The buyers who choose to explore the transaction will need a long time to complete the evaluation, which can lead to a significant disruption of business operations caused by outside inspectors and the specter of the company being “in play.” Companies with state-of-the-art information systems can cross-tab any set of financial, operational, and clinical data variables and produce a report with a few keystrokes.

Healthcare executives sometimes fail to understand that an income statement alone is insufficient to evaluate business results. It’s true that net operating income is a major determinant of a company’s value, but a buyer cannot have confidence in the net income number unless the seller can document service units, costs, and pricing behind the numbers.

Invest in Accounting

Many healthcare service providers fail to hire qualified financial professionals to manage their financial and accounting systems, believing it’s too expensive relative to the size of their business. The result is that financial records are to manage their financial and accounting systems, believing it’s too expensive relative to the size of their business. The result is that financial records are managed by a less costly, but less qualified bookkeeper who lacks extensive accounting training.

Quite often, these inexperienced accountants produce inconsistent financial statements. The bottom line may be correct, but they record expenses differently by category month by month, making business expenses difficult to track. If there is high turnover in this position, the problem is exacerbated: each new bookkeeper records expenses in their own way. The solution is to invest in qualified financial and accounting professionals. It’s not inexpensive, but it will pay off when it comes time to sell the business because there will be reliable financial statements.

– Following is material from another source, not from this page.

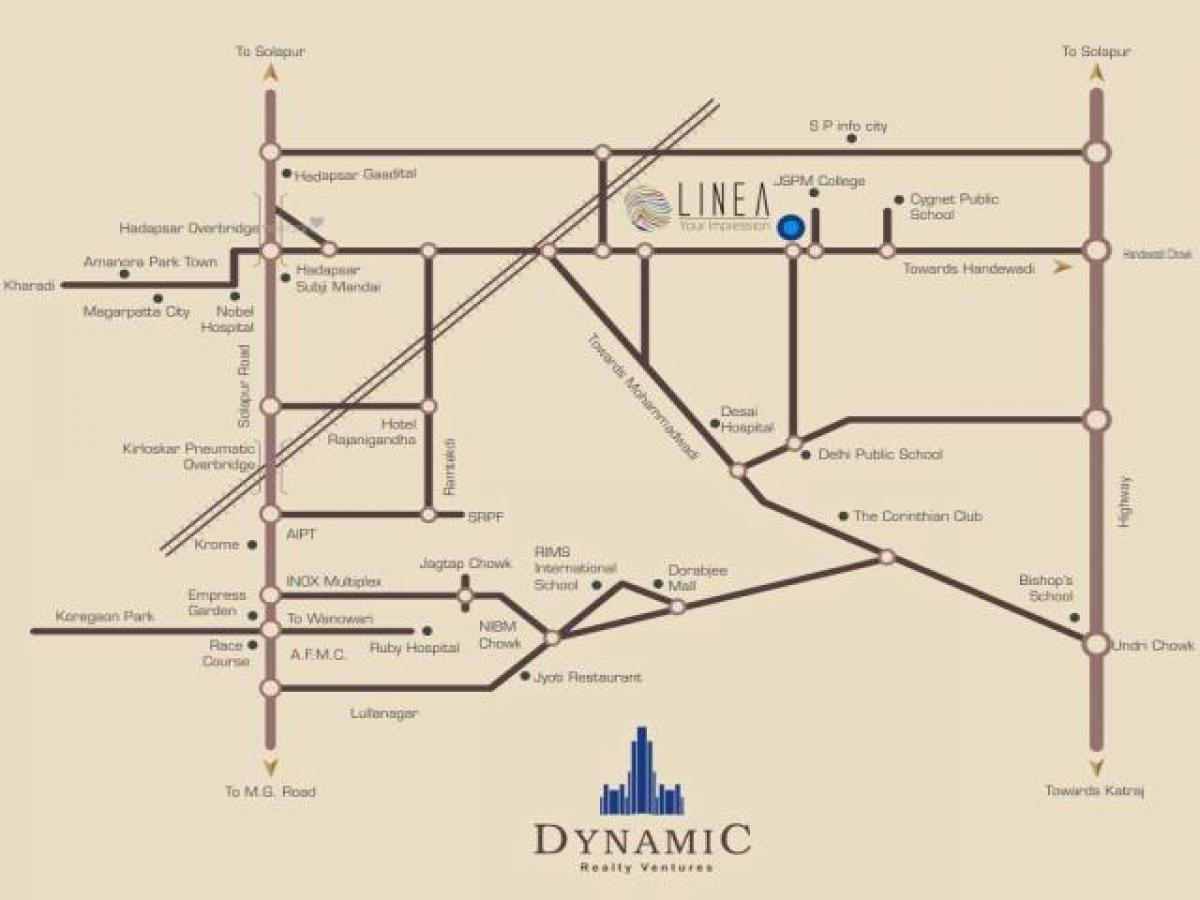 2 bedrooms House in Pune, India No. 24337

Another benefit of having financial professionals on board is that when it’s time to sell the business, these individuals can compile the information and intelligently respond to questions and requests for additional data during the due diligence phase. This spares owners considerable time during the sale process, allowing them to continue devoting their energy to maintaining the business. When owners spend a large amount of time on the sale of their business, they tend to lose focus on the operations, adversely affecting the valuation as closing approaches.

Know Your Market

Most small and mid-sized healthcare businesses are uninformed about their competition, failing to collect sufficient information about market-share and the competitive environment. But knowing your business’s market area, demo-graphics, upside potentials, and strengths and weaknesses compared to competitors is important in determining its value. It’s a good idea for you, as the seller, to have this information to make a strong case, rather than leaving it up to the buyer.

The buyer will usually hire an external marketing consultant who is unfamiliar with the market. He or she spends a day or two in the field and in the office collecting and analyzing secondary data and presents their “expertise” on the market you’ve spent years cultivating. They almost always miss the subtleties of the market. As the seller, you’ll be in a better position if you can define your market’s characteristics and needs for the buyer.
The successful sale of a healthcare business depends on making quality information about your enterprise available to buyers as they look to corroborate the business’s results, make projections, and price the transaction. Investing in an integrated financial and utilization database, high-caliber financial professionals, and market data will help you maximize the selling price and facilitate a speedy transaction.